JAKARTA (AFP) – Beaten, forced to eat animal faeces and chained to a dog cage – the abuse of an Indonesian maid highlights the government’s failure to protect domestic workers at home even as it moves to help those abroad, critics said.

Siti Khotimah left her Central Java hometown for capital Jakarta last year when she found a maid job on Facebook to help her parents with debt.

After months of torture by her employer, the 24-year-old now walks with a limp and has visible burn scars along her legs.

“My head hurts every time I think about what happened to me,” she said, sobbing.

Khotimah’s case is not unique in Indonesia, the largest democracy without a bill to protect domestic workers, leaving more than four million people – mostly women – vulnerable to abuse.

Her wealthy 70-year-old employer in south Jakarta was jailed for four years for physical abuse last month, while the woman’s husband, daughter and six other maids were all handed three-and-a-half years.

Demonstrators demanding Parliament to pass a law to protect domestic workers, in Jakarta.

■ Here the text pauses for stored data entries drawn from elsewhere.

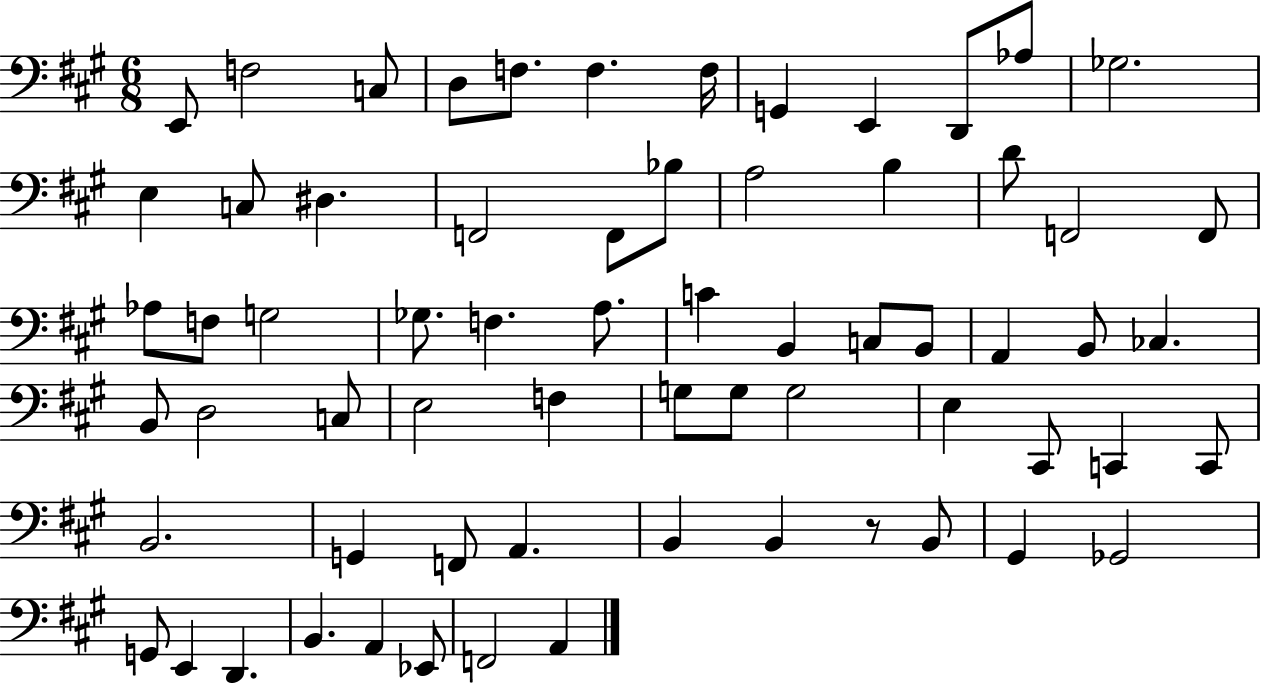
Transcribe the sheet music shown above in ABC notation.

X:1
T:Untitled
M:6/8
L:1/4
K:A
E,,/2 F,2 C,/2 D,/2 F,/2 F, F,/4 G,, E,, D,,/2 _A,/2 _G,2 E, C,/2 ^D, F,,2 F,,/2 _B,/2 A,2 B, D/2 F,,2 F,,/2 _A,/2 F,/2 G,2 _G,/2 F, A,/2 C B,, C,/2 B,,/2 A,, B,,/2 _C, B,,/2 D,2 C,/2 E,2 F, G,/2 G,/2 G,2 E, ^C,,/2 C,, C,,/2 B,,2 G,, F,,/2 A,, B,, B,, z/2 B,,/2 ^G,, _G,,2 G,,/2 E,, D,, B,, A,, _E,,/2 F,,2 A,,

PHOTO: AFP

Khotimah told AFP she was also sexually abused during her employment, but was unable to initially talk about it. She has since informed police who advised her to file a separate lawsuit for sexual abuse.

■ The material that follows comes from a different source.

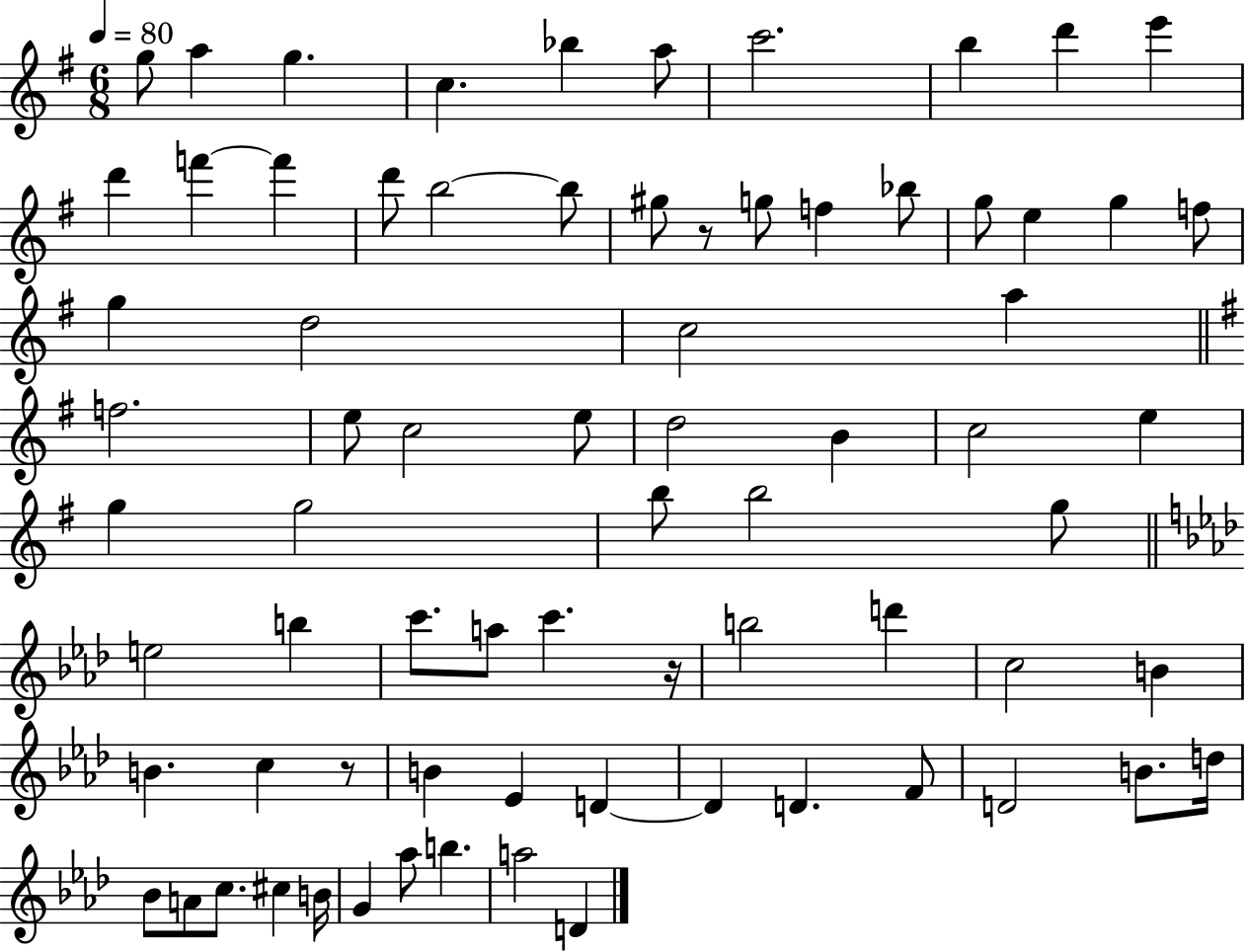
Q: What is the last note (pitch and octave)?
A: D4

“I am very disappointed, the sentence is so light compared to what happened to me. They should have felt what I feel,” she said.

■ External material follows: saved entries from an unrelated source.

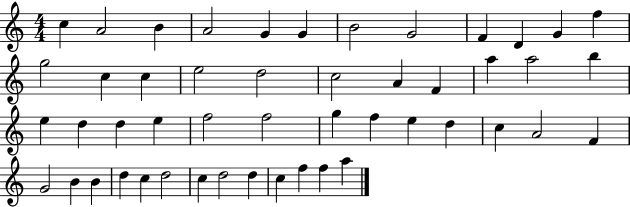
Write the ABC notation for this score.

X:1
T:Untitled
M:4/4
L:1/4
K:C
c A2 B A2 G G B2 G2 F D G f g2 c c e2 d2 c2 A F a a2 b e d d e f2 f2 g f e d c A2 F G2 B B d c d2 c d2 d c f f a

A domestic worker bill has remained in limbo for nearly two decades and activists accuse the government of dragging its feet.

Under the current legal framework, maids are not classified as workers, forcing them to operate in an informal and unregulated economy.

Even if the law does go ahead, it would mainly help those recruited by agents to work overseas, according to advocates.

“The law is very discriminatory,” lawmaker Willy Aditya, who heads the bill’s working committee, told AFP.

Women’s rights activists said the government must do more to support domestic helpers within Indonesia.

“Khotimah’s case is not the first. The government’s response has always been slow,” said Tiasri Wiandani of the National Commission for Eradication of Violence against Women.

“Demanding protection from other countries while we have not fulfilled the responsibilities ourselves is like a slap in our face.”

Despite the risks and horrifying stories of abuse, women from rural areas like Khotimah feel compelled by poverty to keep moving to big cities for work.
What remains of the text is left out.